- _Material to process_

↓

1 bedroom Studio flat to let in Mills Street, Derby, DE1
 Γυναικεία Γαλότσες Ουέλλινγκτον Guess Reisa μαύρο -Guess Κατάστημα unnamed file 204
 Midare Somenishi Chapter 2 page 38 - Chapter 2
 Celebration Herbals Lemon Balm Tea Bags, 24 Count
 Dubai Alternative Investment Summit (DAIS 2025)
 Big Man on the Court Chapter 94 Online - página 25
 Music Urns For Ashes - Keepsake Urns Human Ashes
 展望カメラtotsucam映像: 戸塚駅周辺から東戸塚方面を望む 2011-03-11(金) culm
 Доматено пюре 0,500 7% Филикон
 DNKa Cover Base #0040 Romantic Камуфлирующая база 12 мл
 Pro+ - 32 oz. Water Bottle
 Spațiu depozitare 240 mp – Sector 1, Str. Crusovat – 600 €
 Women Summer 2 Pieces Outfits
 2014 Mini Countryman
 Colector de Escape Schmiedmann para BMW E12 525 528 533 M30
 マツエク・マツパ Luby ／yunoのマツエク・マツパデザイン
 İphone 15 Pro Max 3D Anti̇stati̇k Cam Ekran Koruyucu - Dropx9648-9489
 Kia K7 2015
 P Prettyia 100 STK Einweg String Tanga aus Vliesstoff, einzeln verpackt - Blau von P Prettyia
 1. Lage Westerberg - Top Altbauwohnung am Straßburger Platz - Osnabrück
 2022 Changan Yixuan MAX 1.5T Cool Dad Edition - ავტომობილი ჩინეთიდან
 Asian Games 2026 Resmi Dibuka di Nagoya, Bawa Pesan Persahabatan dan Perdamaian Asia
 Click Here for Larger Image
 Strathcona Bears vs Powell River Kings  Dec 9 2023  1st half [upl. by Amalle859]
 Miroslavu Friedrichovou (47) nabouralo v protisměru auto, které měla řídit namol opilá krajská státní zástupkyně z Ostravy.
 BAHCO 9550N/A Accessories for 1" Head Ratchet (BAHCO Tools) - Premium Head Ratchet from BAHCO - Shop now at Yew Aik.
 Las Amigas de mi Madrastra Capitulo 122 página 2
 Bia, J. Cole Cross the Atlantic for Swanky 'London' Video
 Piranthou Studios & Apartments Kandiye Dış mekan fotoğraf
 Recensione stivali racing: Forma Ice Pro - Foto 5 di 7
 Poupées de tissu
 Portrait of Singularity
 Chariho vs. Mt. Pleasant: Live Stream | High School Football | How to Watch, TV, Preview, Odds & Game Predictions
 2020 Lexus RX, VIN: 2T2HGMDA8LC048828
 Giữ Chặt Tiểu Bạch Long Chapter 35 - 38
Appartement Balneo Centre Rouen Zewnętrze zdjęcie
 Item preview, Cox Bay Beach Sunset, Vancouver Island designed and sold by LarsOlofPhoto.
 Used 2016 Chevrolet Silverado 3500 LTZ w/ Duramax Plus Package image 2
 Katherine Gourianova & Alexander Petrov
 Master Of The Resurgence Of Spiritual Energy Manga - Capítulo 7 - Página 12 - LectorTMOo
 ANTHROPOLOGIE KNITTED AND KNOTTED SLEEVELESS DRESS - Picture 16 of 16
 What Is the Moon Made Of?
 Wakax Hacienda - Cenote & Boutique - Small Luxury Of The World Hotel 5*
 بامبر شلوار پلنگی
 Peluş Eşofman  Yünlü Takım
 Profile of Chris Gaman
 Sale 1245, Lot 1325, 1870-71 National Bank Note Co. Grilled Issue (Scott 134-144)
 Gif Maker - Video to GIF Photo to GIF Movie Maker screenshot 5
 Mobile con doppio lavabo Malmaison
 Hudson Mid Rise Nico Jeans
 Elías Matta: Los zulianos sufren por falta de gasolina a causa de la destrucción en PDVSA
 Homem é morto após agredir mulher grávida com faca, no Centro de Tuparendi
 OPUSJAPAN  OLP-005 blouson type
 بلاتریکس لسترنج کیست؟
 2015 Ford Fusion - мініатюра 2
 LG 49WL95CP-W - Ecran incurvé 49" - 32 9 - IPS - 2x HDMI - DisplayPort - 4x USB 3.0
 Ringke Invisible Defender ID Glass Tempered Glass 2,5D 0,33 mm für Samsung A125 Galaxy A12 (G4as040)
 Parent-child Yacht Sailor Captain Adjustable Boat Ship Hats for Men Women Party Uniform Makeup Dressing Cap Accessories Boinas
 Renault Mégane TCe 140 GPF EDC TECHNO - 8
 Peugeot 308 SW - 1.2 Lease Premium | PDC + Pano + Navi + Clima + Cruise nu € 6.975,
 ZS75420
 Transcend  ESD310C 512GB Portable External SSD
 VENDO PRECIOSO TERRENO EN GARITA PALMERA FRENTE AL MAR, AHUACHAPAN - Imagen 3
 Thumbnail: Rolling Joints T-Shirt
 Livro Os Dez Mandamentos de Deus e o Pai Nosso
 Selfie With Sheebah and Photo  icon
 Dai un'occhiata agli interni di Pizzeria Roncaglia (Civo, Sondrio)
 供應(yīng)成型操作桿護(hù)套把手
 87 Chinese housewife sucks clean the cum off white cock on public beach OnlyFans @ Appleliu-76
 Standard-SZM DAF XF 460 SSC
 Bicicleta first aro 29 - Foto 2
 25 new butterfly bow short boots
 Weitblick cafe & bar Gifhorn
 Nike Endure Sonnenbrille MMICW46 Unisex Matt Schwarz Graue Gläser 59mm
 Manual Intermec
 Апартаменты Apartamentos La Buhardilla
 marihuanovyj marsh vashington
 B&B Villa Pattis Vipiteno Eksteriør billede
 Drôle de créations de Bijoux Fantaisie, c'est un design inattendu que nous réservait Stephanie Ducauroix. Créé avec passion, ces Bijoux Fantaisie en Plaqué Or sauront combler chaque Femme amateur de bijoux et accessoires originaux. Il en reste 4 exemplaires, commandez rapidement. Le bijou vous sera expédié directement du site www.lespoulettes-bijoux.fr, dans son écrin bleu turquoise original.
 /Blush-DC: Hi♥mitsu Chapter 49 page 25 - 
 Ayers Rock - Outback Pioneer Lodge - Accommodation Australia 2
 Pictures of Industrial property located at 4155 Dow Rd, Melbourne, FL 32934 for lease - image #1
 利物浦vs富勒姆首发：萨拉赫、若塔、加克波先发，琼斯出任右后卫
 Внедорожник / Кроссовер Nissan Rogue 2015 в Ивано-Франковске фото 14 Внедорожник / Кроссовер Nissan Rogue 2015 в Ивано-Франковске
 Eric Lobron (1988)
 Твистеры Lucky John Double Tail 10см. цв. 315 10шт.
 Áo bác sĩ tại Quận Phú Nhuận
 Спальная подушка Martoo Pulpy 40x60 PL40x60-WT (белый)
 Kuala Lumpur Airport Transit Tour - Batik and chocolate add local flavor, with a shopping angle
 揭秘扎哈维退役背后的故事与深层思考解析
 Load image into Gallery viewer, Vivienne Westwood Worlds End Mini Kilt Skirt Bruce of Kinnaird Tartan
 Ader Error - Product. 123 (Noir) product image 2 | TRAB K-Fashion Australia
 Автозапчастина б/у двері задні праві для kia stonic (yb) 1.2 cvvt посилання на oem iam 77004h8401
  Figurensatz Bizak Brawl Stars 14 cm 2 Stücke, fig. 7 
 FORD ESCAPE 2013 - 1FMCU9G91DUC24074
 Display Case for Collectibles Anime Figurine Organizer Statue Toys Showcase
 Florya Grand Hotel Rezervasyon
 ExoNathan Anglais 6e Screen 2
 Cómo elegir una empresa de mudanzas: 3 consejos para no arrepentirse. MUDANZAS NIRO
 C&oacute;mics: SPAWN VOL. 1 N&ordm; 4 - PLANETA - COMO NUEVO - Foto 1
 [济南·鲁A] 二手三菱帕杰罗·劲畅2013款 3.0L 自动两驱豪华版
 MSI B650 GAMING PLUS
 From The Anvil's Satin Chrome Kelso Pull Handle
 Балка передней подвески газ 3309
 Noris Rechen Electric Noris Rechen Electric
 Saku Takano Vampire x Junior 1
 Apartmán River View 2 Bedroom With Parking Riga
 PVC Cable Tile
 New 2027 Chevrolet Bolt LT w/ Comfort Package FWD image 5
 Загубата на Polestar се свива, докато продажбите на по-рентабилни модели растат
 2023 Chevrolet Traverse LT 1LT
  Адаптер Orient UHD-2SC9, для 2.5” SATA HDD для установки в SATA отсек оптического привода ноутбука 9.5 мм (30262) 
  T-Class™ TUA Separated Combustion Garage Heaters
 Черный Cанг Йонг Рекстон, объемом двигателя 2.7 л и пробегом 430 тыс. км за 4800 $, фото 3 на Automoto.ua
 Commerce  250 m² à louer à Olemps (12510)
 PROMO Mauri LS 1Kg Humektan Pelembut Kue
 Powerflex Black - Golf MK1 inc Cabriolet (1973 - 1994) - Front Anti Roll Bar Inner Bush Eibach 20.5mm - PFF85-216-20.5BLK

↑

- _What you have to do_
The lines to extract from the data above begin with the line containing "marihuanovyj marsh vashington" and end with the line containing "2023 Chevrolet Traverse LT 1LT". Extract them exactly, including both.

- _Completed exercise_
 marihuanovyj marsh vashington
 B&B Villa Pattis Vipiteno Eksteriør billede
 Drôle de créations de Bijoux Fantaisie, c'est un design inattendu que nous réservait Stephanie Ducauroix. Créé avec passion, ces Bijoux Fantaisie en Plaqué Or sauront combler chaque Femme amateur de bijoux et accessoires originaux. Il en reste 4 exemplaires, commandez rapidement. Le bijou vous sera expédié directement du site www.lespoulettes-bijoux.fr, dans son écrin bleu turquoise original.
 /Blush-DC: Hi♥mitsu Chapter 49 page 25 - 
 Ayers Rock - Outback Pioneer Lodge - Accommodation Australia 2
 Pictures of Industrial property located at 4155 Dow Rd, Melbourne, FL 32934 for lease - image #1
 利物浦vs富勒姆首发：萨拉赫、若塔、加克波先发，琼斯出任右后卫
 Внедорожник / Кроссовер Nissan Rogue 2015 в Ивано-Франковске фото 14 Внедорожник / Кроссовер Nissan Rogue 2015 в Ивано-Франковске
 Eric Lobron (1988)
 Твистеры Lucky John Double Tail 10см. цв. 315 10шт.
 Áo bác sĩ tại Quận Phú Nhuận
 Спальная подушка Martoo Pulpy 40x60 PL40x60-WT (белый)
 Kuala Lumpur Airport Transit Tour - Batik and chocolate add local flavor, with a shopping angle
 揭秘扎哈维退役背后的故事与深层思考解析
 Load image into Gallery viewer, Vivienne Westwood Worlds End Mini Kilt Skirt Bruce of Kinnaird Tartan
 Ader Error - Product. 123 (Noir) product image 2 | TRAB K-Fashion Australia
 Автозапчастина б/у двері задні праві для kia stonic (yb) 1.2 cvvt посилання на oem iam 77004h8401
  Figurensatz Bizak Brawl Stars 14 cm 2 Stücke, fig. 7 
 FORD ESCAPE 2013 - 1FMCU9G91DUC24074
 Display Case for Collectibles Anime Figurine Organizer Statue Toys Showcase
 Florya Grand Hotel Rezervasyon
 ExoNathan Anglais 6e Screen 2
 Cómo elegir una empresa de mudanzas: 3 consejos para no arrepentirse. MUDANZAS NIRO
 C&oacute;mics: SPAWN VOL. 1 N&ordm; 4 - PLANETA - COMO NUEVO - Foto 1
 [济南·鲁A] 二手三菱帕杰罗·劲畅2013款 3.0L 自动两驱豪华版
 MSI B650 GAMING PLUS
 From The Anvil's Satin Chrome Kelso Pull Handle
 Балка передней подвески газ 3309
 Noris Rechen Electric Noris Rechen Electric
 Saku Takano Vampire x Junior 1
 Apartmán River View 2 Bedroom With Parking Riga
 PVC Cable Tile
 New 2027 Chevrolet Bolt LT w/ Comfort Package FWD image 5
 Загубата на Polestar се свива, докато продажбите на по-рентабилни модели растат
 2023 Chevrolet Traverse LT 1LT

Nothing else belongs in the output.